How good is PCC with a 1:2 ratio

I’ve been using PCC for load balancing for a few years, and as the IPS for each connection speeds changed over time, I’ve used several different PCC ratios. Recently I’ve upgraded to a 1Gbps + 2Gbps and for the first time I’m using a 1:2 ratio.

Before (with ratios like 3:10, 3:5 and others), I was always able to test the “combined” bandwidth but running multiple simultaneous download or upload transfers, and I could get really close to the sum of bandwidth of both connections.

With a 1:2 ratio I can never achieve even close to the sum of the bandwidth. In fact I can only reach exactly the same bandwidth of the faster one (2Gbps).

Any ideas? Thanks in advance!

PCC decides based on a hash. Is a lot of traffic going to the same destination?

Are you using “both-addresses-and-ports”? Since that may help randomize (at the expensive of potential breaking some services that except same src)?

What I do not know is if you making you double the PCC rules (e.g. ratio 2:4, instead of 1:2) if that would help, AFAIK no but not 100%…

Is your router capable of pumping more than 2Gbps?

So you have 3 times one Gbps speed and it is divided as 1/3 and 2/3. Then you should only connection-mark one third (0/3) of the total traffic and not touch the 2/3 traffic by using PCC.

You are so only marking the traffic going through the 1 Gbps connection and all unmarked traffic should then be routed to the 2 Gbps connection.

Also note that traffic is can be ignored when the receiving end expects to the traffic related is coming from the same IP address. This as AmmO wrote in the his earlier posting.

I’ve tried two routers that (iIMHO) fully capable of handling in excess of 3GB:

  • A RB009, with a 10G port connected to my internal network, the 2.5G port connected to 2G ISP modem and the 1G ISP modem is connected to a 1G port.
  • A x86 based router (R86S box) with 2 SFP+ cages and 3 2.5G ethernet ports. Also connected at 10G to my network and both modems connected to 2.5G etherrnet ports.

So, router performance is not an issue. And the interesting fact is that the result is exactly the same with both routers (I think the R86S is way faster, but it runs very, very hot).

I do use a single hash (for 0/3) and use both-addresses-and-ports.

And I think I’ve tried 2:4, but I will try interleaving 0/6, 2/6 and 4/6 goes to the same ISP. Maybe.

Did you use eth1 to optimise bandwith from the CPU?
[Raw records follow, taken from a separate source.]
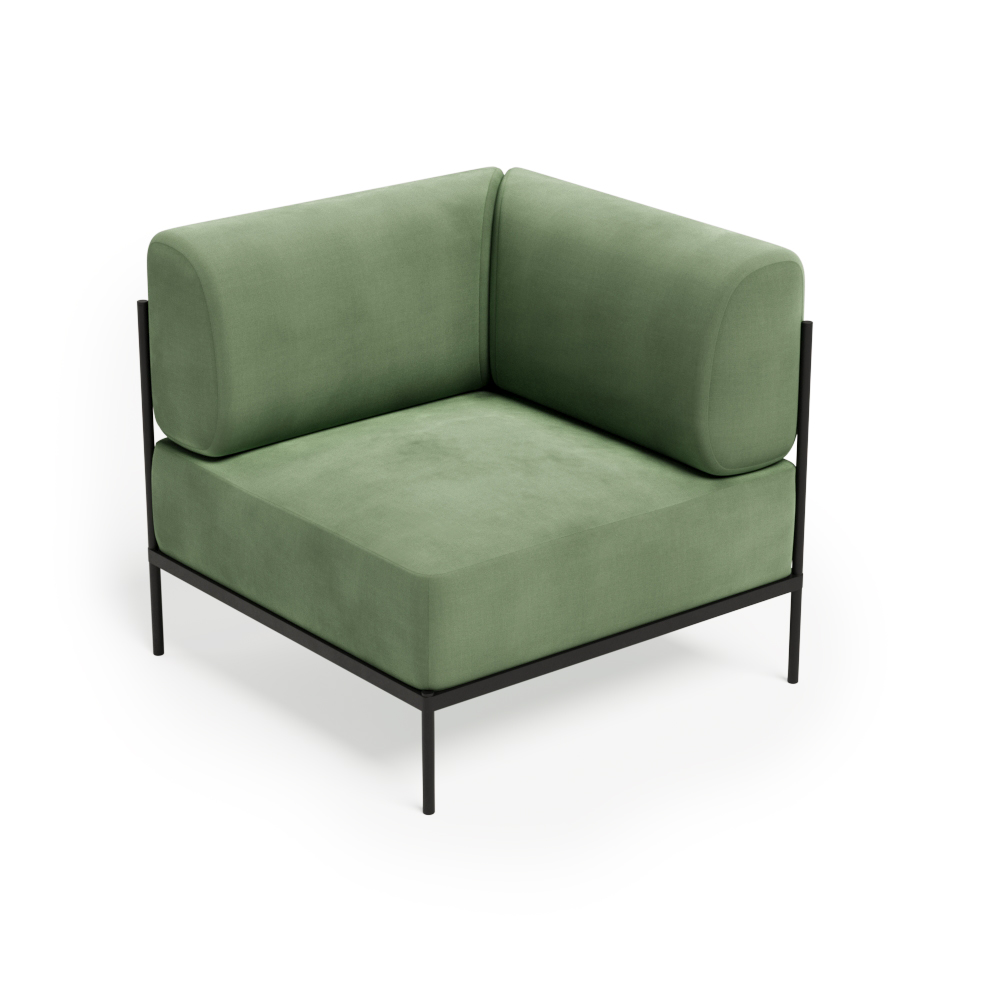 Rio Модуль угловой РСЕ-02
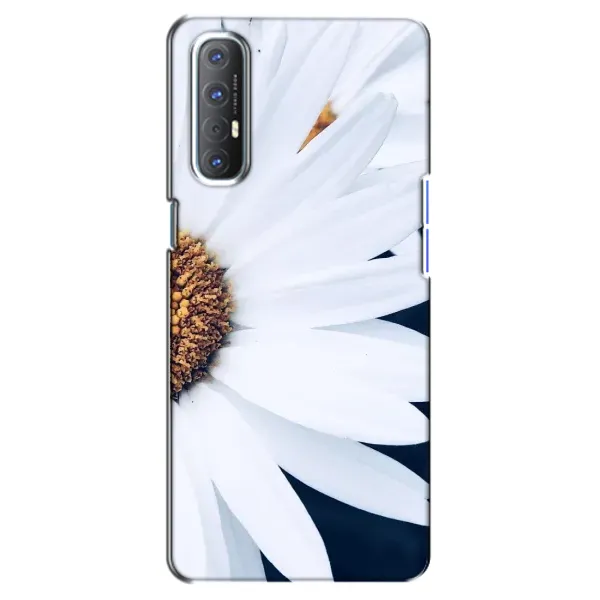 Чехол с рисунком «Пол ромашки» для OPPO Reno 3 Pro Чехол с рисунком «Пол ромашки» для OPPO Reno 3 Pro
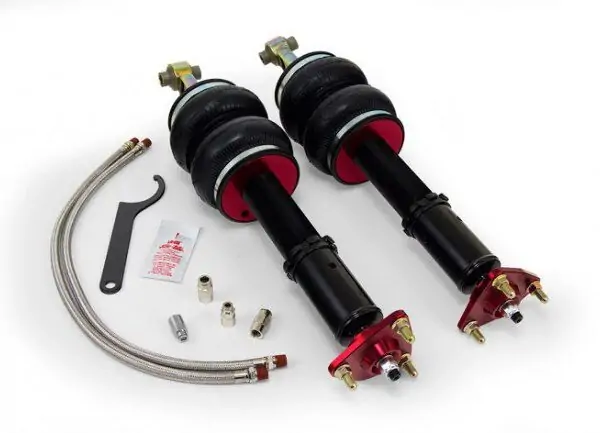 AirLift Rear Air Ride Conversion Kit for 2006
I see where you are coming from, although we are using different routers. The RB5009 has all the Ethernet ports attached to the Marvell switch-chip. So there is no difference on using any of the Ethernet ports on the RB5009. And as I posted, I’ve tried with a x86 router (a R86S mini system) and the results were the same.
RB5009UGS_220852.png

Is the traffic VPNs/tunnels/etc – e.g. are connections going to small set of destinations on WANs? Or, is the there a lot of general internet traffic flowing (e.g. lots of connections with many different destination IPs). Basically be good to know if the issue is hashing not creating a suitably random distribution… Or… if there is some config issue elsewhere.

I usually use ECMP, which round-robins connections (e.g. 2 routes to ISP1, 1 router to ISP, all with same distance= to get a 2:1 ratio)… but PCC should work, but the math will always calculate same dst wan for particular app/service is why I ask about #connection and concerned about hashing. While in ECMP: more connections, more randomness.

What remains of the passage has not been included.